How does the average trip duration vary across different age groups?
Which age group rents the most bikes?
How does bike rental vary between one-time users and long-term subscribers on different days of the week?
Does user age impact the average trip duration?
Dataset
The dataset for this project comes from Career Foundry’s curated version of Citi Bike’s public trip history logs, which capture detailed information on ride duration, start and end locations, and user types. The original dataset is available on Kaggle.
Methodology
Ask Phase:
Defined the business problem: Optimize Citi Bike service by analyzing ride patterns based on user demographics and usage trends.

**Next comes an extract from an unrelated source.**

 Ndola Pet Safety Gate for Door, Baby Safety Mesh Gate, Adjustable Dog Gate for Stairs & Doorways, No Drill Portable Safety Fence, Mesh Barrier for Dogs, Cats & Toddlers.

Identified stakeholders: Citi Bike management, marketing teams, and city transportation planners.
Prepare Phase:
Data Cleaning: Removed over 3,500 duplicate records and filtered out rows with missing data, which could indicate errors in data entry.

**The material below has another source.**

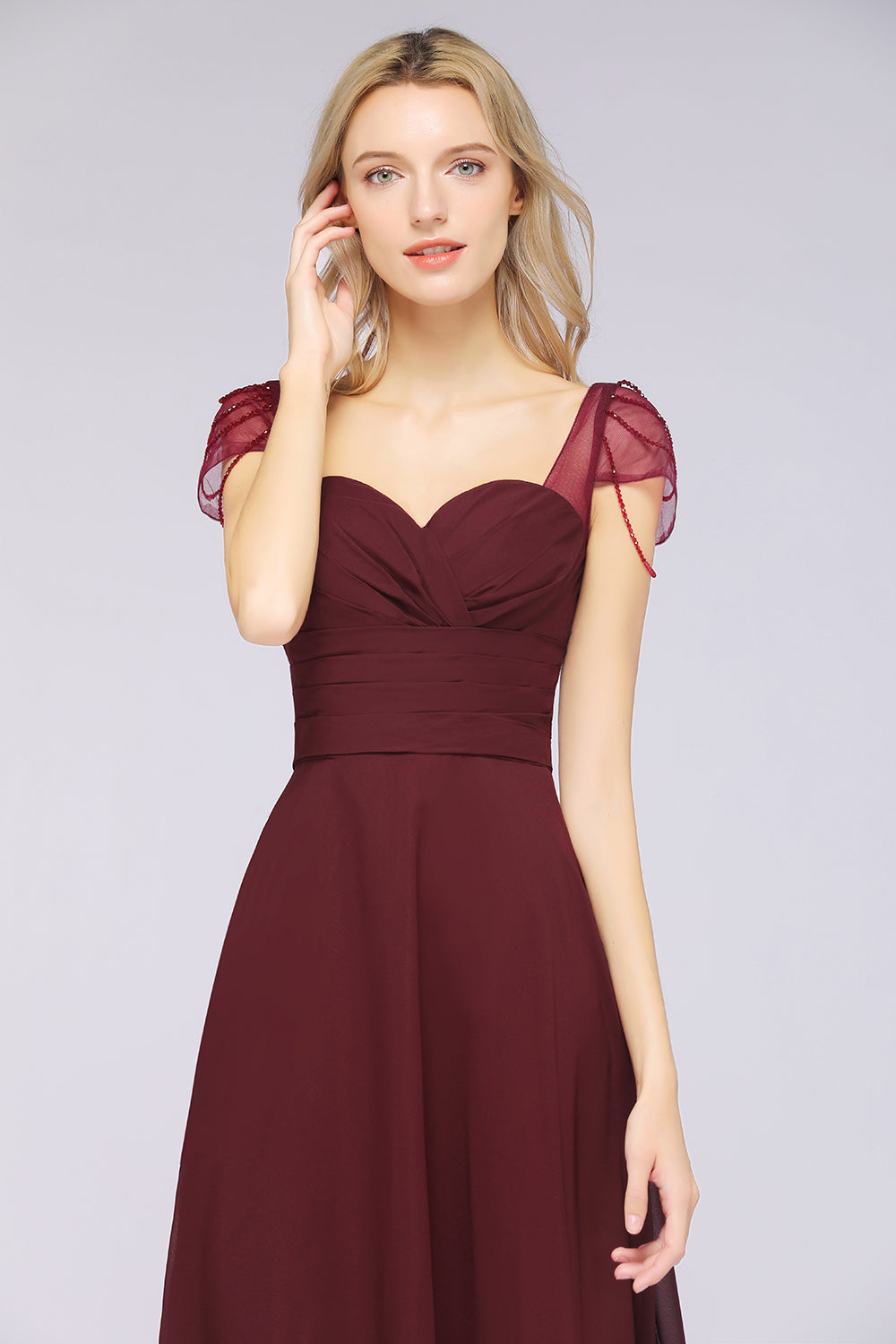 Chic Chiffon Sweetheart Cap-Sleeves Ruffle Bridesmaid Dresses with Beadings-Babyonlines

Feature Engineering: Added variables like "weekday" to explore how ride patterns differ throughout the week.
Data Validation: Ensured the dataset was complete and aligned with the project’s objectives for effective analysis.
Process Phase:
Processed the data to ensure it was free from errors, such as duplicates or incomplete records.
Structured the data to facilitate analysis by breaking down ride data by user types, age groups, and days of the week.
Analyze Phase:
Descriptive Statistics: Calculated summary statistics (mean, median, mode) for ride duration, age, and other relevant variables.

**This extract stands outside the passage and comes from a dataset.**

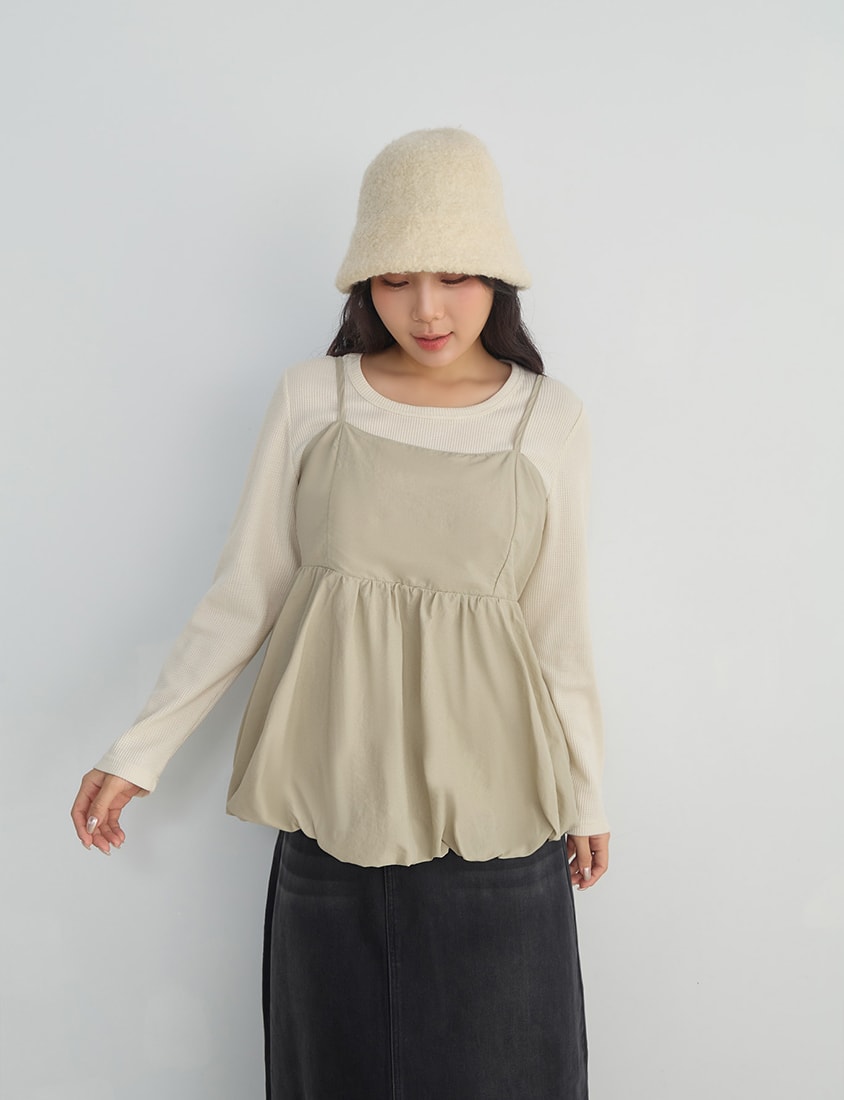 Casual Versatile Waffle Knit Plus Size Long Sleeve Top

Pivot Tables: Used to segment data by age, user type, and day of the week, uncovering patterns in ride duration and popular pick-up locations.
Trend Analysis: Explored bike rent trends over time and identified the relationship between age and trip duration.
Analysis and Visualizations
Popular Pick-Up Locations:
The most popular pick-up stations are located in busy, commuter-heavy areas such as Grove St Path, Exchange Place, Sip Ave, Hamilton Park, and Morris Canal. These locations likely serve both daily commuters and tourists due to their accessibility.
Trip Duration by Age Group:
On average, the oldest age group (75+ years) had the longest trip durations, indicating a preference for more leisurely rides. This suggests opportunities for Citi Bike to cater to older users who might prioritize recreational cycling over commuting.
Bike Rentals by Age Group:
The 35-44 age group rented the most bikes, followed by the 25-34 group. The 18-24 group had the lowest rental rates. This highlights a potential opportunity to increase engagement with younger users, who may not fully appreciate the benefits of the service.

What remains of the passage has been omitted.